YOUR TASK =>
The lines to return are those from the line holding "Piso en venta en Calle la Bomba photo 0" through the last line of the entries below, both included, written exactly and without pictures.

DATASET RECORDS =>
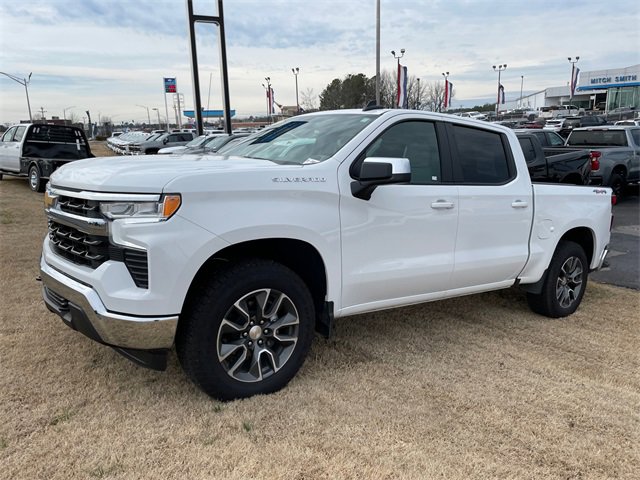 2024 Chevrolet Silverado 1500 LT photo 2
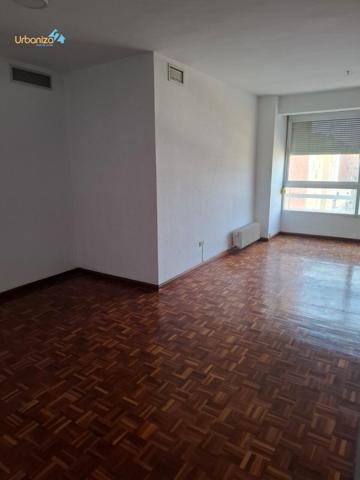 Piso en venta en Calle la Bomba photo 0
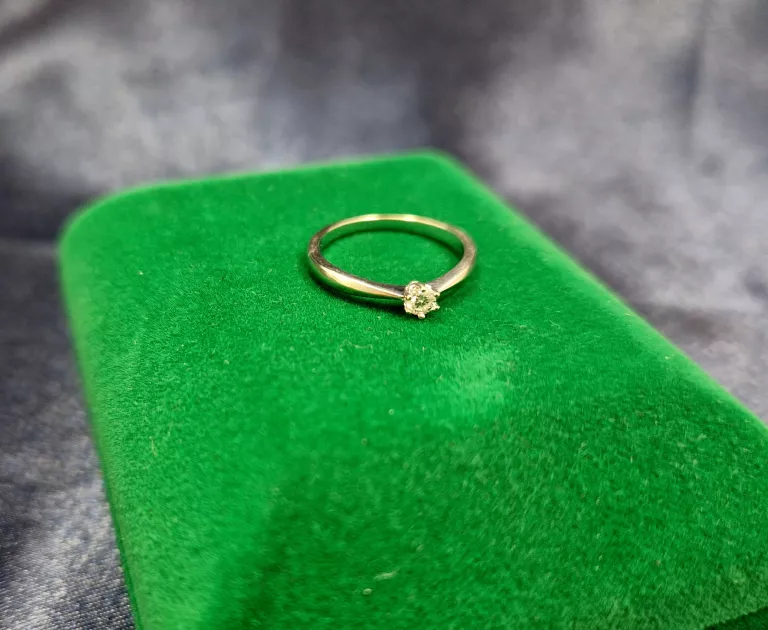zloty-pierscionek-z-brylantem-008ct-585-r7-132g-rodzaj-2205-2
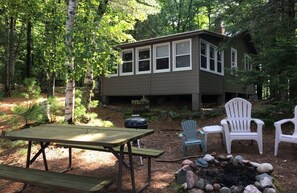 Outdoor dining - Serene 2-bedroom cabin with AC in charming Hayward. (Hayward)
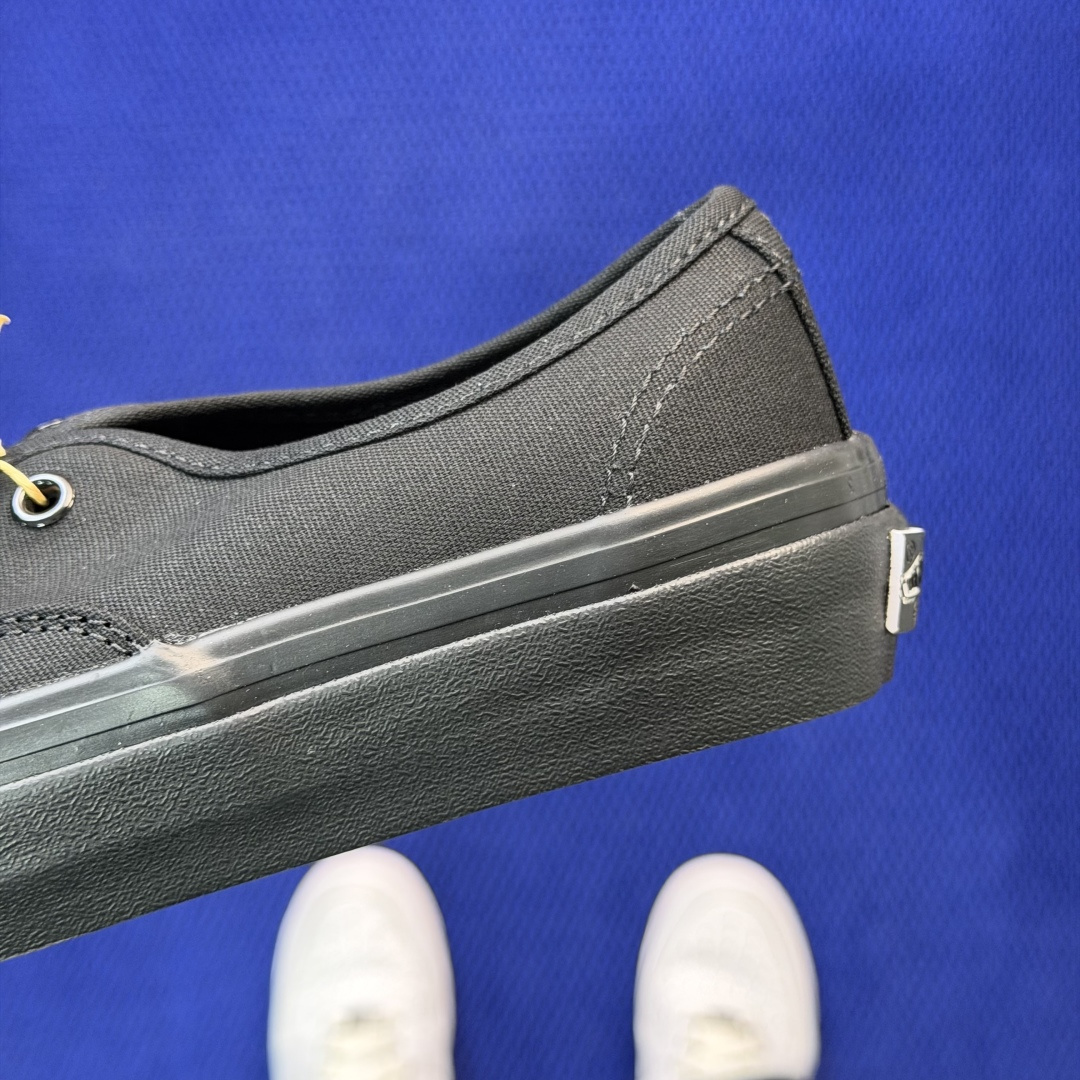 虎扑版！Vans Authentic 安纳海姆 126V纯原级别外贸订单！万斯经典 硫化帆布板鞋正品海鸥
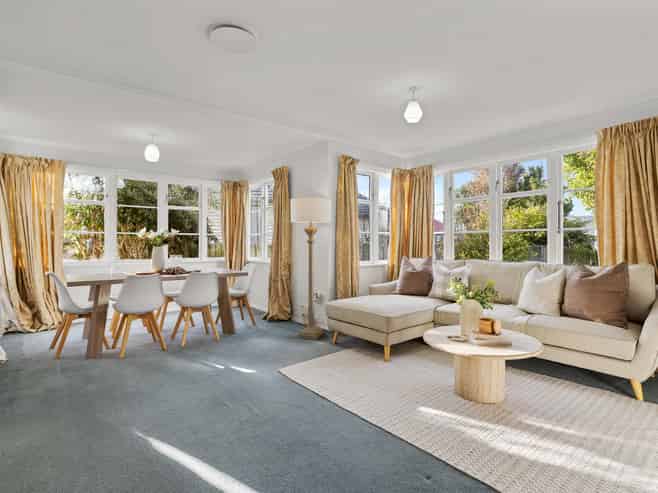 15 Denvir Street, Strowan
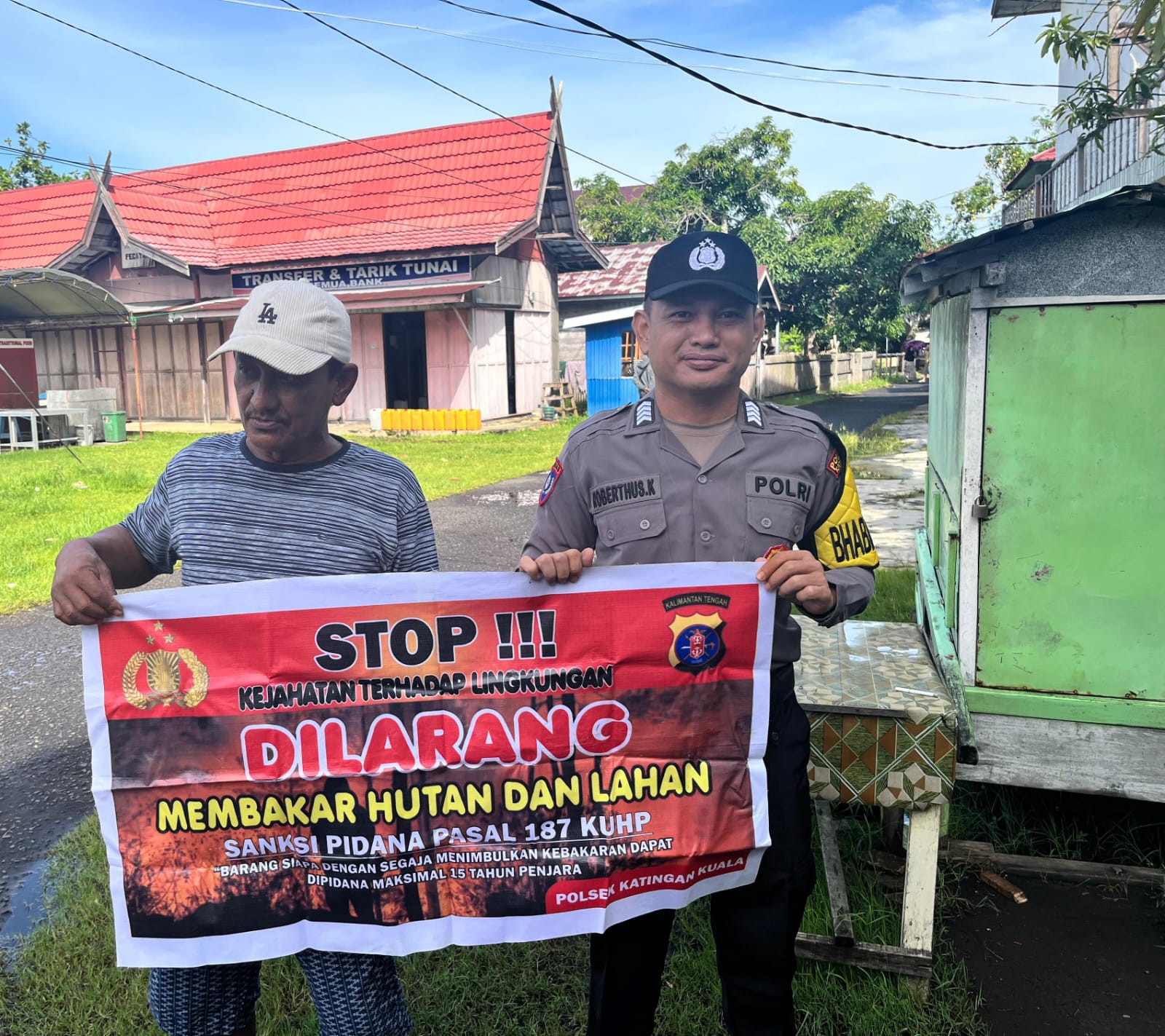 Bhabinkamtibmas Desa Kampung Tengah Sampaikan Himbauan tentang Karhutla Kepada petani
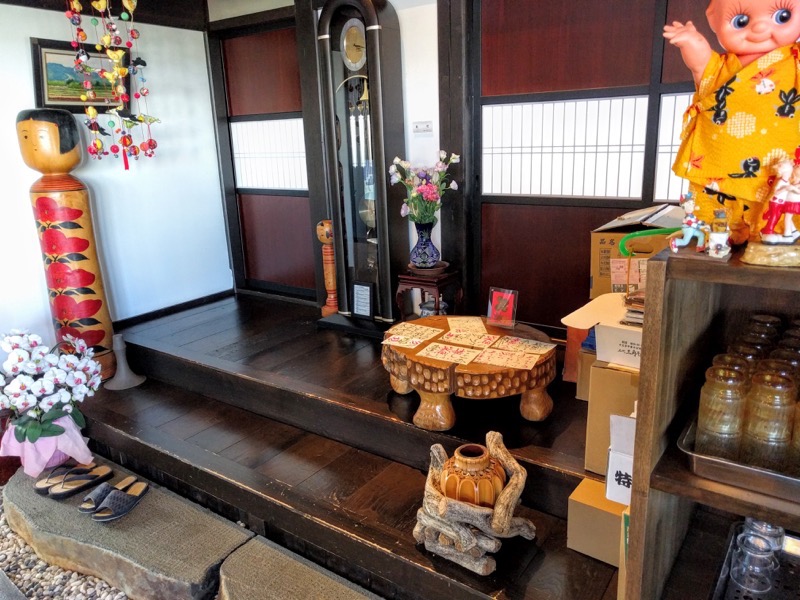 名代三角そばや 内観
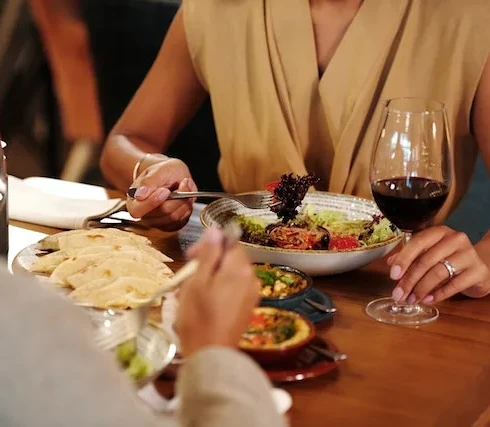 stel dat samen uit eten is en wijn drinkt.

EXERCISE ANSWER =>
 Piso en venta en Calle la Bomba photo 0
zloty-pierscionek-z-brylantem-008ct-585-r7-132g-rodzaj-2205-2
 Outdoor dining - Serene 2-bedroom cabin with AC in charming Hayward. (Hayward)
 虎扑版！Vans Authentic 安纳海姆 126V纯原级别外贸订单！万斯经典 硫化帆布板鞋正品海鸥
 15 Denvir Street, Strowan
 Bhabinkamtibmas Desa Kampung Tengah Sampaikan Himbauan tentang Karhutla Kepada petani
 名代三角そばや 内観
 stel dat samen uit eten is en wijn drinkt.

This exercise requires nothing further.